▸ WORK INSTRUCTION:
The answer must be an exact reprint of the lines from the one with "ArtzFolio Multicoloured Set" through the final line of the data, with no pictures included.

▸ DATA BLOCK:
- - -
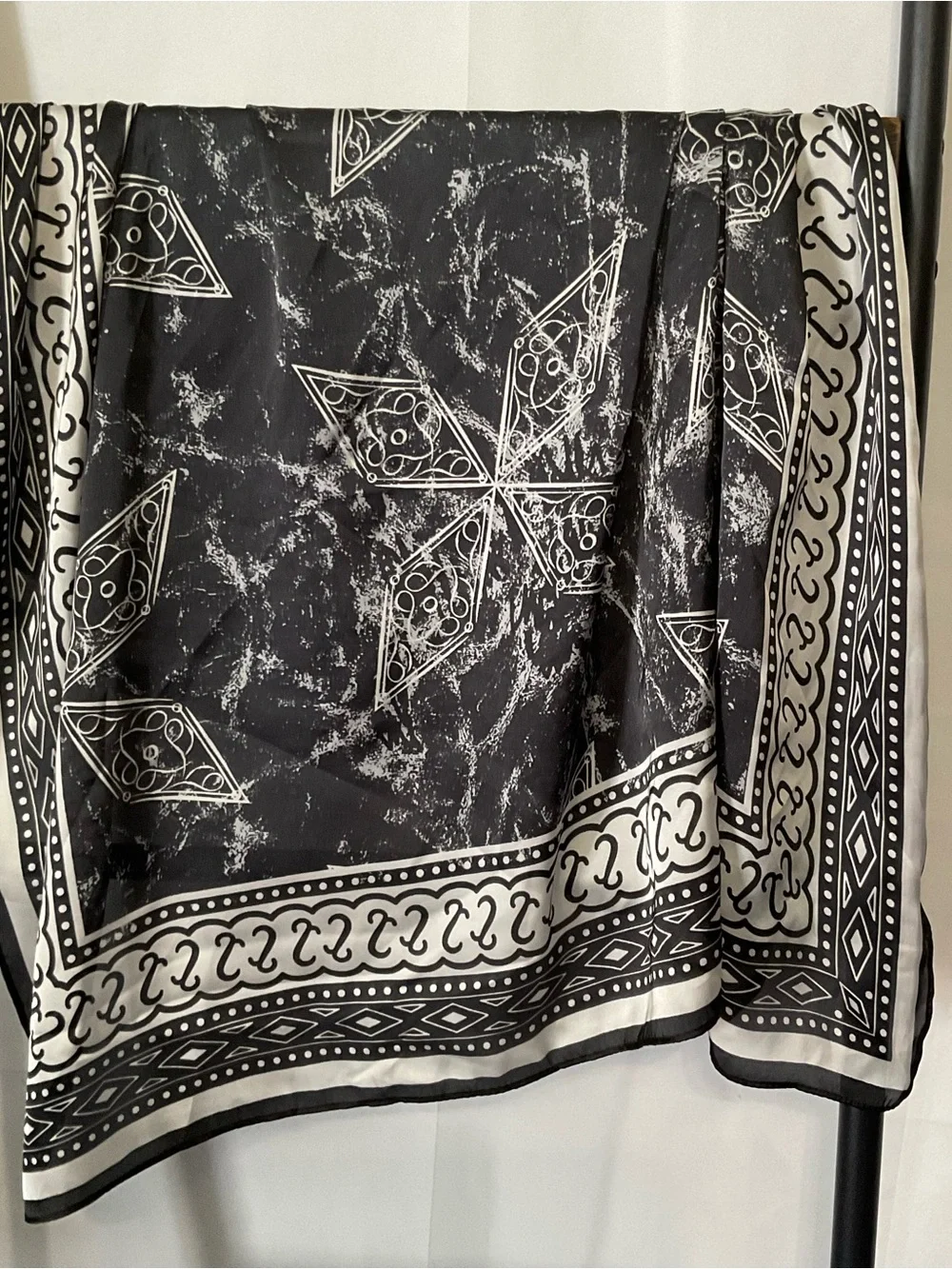 Elizabeth and James Black and White Geometric Bandana Scarf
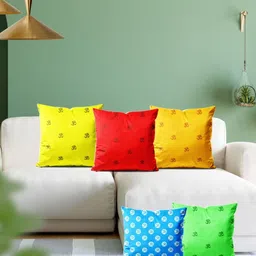 ArtzFolio Multicoloured Set of 5 Square Cushion Covers-picture-4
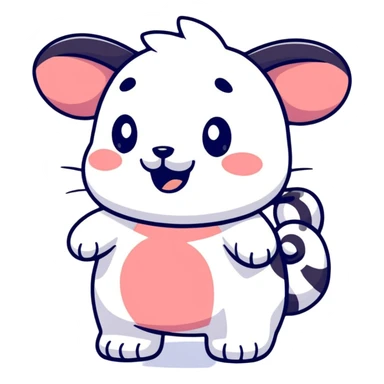 cute animal shaking, cartoonish sticker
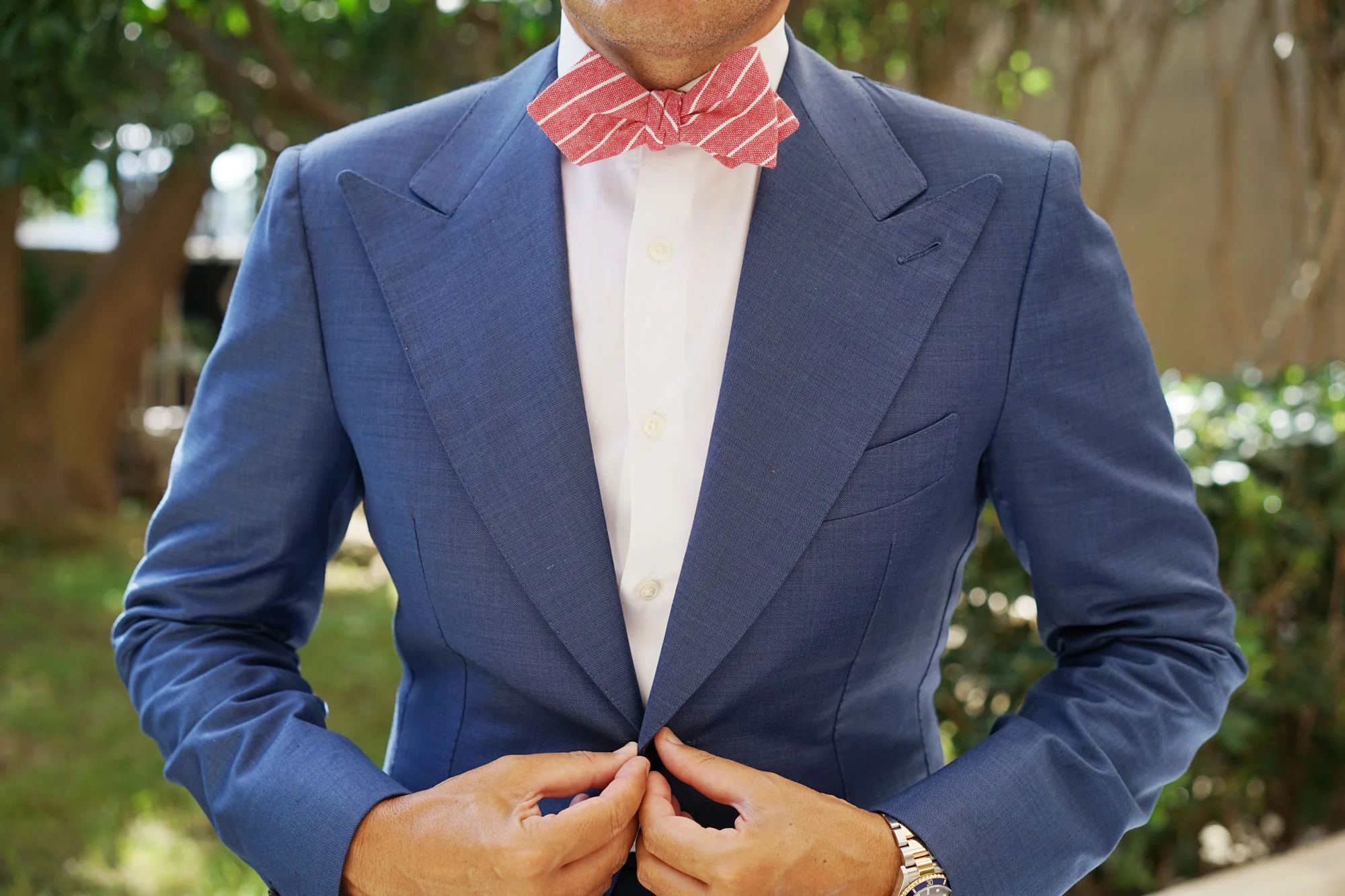 Crimson Red Linen Pinstripe Diamond Self Bow Tie - Image 4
- - -
▸ OUTPUT OF THE EXERCISE:
 ArtzFolio Multicoloured Set of 5 Square Cushion Covers-picture-4
 cute animal shaking, cartoonish sticker
 Crimson Red Linen Pinstripe Diamond Self Bow Tie - Image 4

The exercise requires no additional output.